SGP1 - Power/availability issue for single rack

Incident Report for Teraswitch

Postmortem

On 5/17/2025, the facility provider for Teraswitch SGP1 (Equinix SG3) began scheduled maintenance on the B-side power bus for select data halls.  This maintenance was expected to be non-service impacting to Teraswitch, as all our customer equipment and critical infrastructure are powered by redundant PSUs connected to diverse rack PDUs & facility power buses.

At 10:00am UTC, the Equinix scheduled maintenance window began.

At 01:38pm UTC, Teraswitch monitoring alerted to degraded power redundancy on SGP1 systems, which was expected given the scheduled maintenance.

At 02:25pm UTC, Teraswitch monitoring provided the earliest indication of an issue affecting a single SGP1 compute rack.

By 02:30pm UTC, additional alerts clearly indicated that this rack and associated addressing had gone offline.

At 02:31pm UTC, Teraswitch engineering declared a likely power loss in the rack and contingency operations began.  A Teraswitch technician located in Singapore was promptly dispatched to Equinix SG3, and a P1 smart hands ticket with Equinix was opened shortly thereafter at 02:56pm.

At 03:28pm UTC, Equinix smart hands reported that the Bank 2 breaker on one of the PDUs in the affected rack had tripped, and all devices connected to it had consequently lost power.  This suggested that an individual bank on the A-side PDU had been overloaded while the B-side power bus was offline for maintenance.

At 03:46pm UTC, the Teraswitch technician arrived onsite and commenced work after clearing security.

  • After further investigation, it was confirmed that equipment in the rack had not been properly distributed across the PDU power banks. This had not caused an issue up until now since load is split across A and B-side PDUs under normal operating conditions - however, due to the facility B-side maintenance the rack load was transferred exclusively to the A-side PDU, and Bank 2 tripped due to the improper distribution. This caused a loss of power to much of the equipment in this rack.
  • Some customer equipment was connected to Bank 1 and did not lose power. However, Teraswitch network equipment was connected to Bank 2, causing a loss of network connectivity to all customer equipment in the rack regardless of power status.

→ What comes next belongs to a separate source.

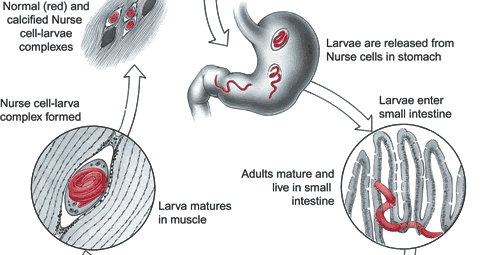 trichinosis ciklus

The Teraswitch technician redistributed power connections across the PDU banks on both A and B-side PDUs to avoid an overload of any one bank, and reset the Bank 2 breaker.

At 04:25pm UTC, Teraswitch monitoring alerted to the final recovery of rack network equipment following power redistribution.  Customer services recovered around the same time, within a few minutes before or after.

Teraswitch has taken several measures in response to this incident:

  • In the affected SGP1 rack, power cabling was redistributed properly across the PDU banks, so there should be no future impact to that rack in any subsequent power events.
  • Teraswitch engineering evaluated PDU models in use globally that divide power capacity into banks, and added additional monitoring to notify of similar cases where an individual bank could be improperly loaded and its breaker could trip in a future power event.
  • As a result of the increased monitoring, Teraswitch staff identified two other racks in our global network that are susceptible to bank overload in their current configuration.  Internal work tickets have been created to redistribute the power cabling in these racks to avoid any impact in a future power event.

We apologize for any inconvenience caused by this incident and thank you for your continued support as a Teraswitch customer.

If you have any questions or concerns, feel free to reach out to Teraswitch Support at support@teraswitch.com.

Posted May 19, 2025 - 18:43 UTC

Resolved

This incident has been resolved. A root cause analysis will be posted shortly.
Posted May 17, 2025 - 20:32 UTC

Monitoring

The power issue affecting a single compute rack in SGP1 has been resolved - all affected customer systems should be back online at this time. Teraswitch staff are monitoring for stability but we do not expect further impacts.
Posted May 17, 2025 - 16:52 UTC

Identified

Teraswitch has isolated the issue to loss of power on a single compute rack in SGP1, causing downtime for bare metal customers in that rack. Customers in other racks at SGP1 are unaffected at this time. Teraswitch has engaged the facility to identify the cause and provide immediate restoration. We will provide an update once service has been restored.
Posted May 17, 2025 - 15:05 UTC

Investigating

Teraswitch is investigating a power loss event affecting at least one compute rack inside SGP1.
Posted May 17, 2025 - 14:46 UTC
This incident affected: SGP1 - Singapore.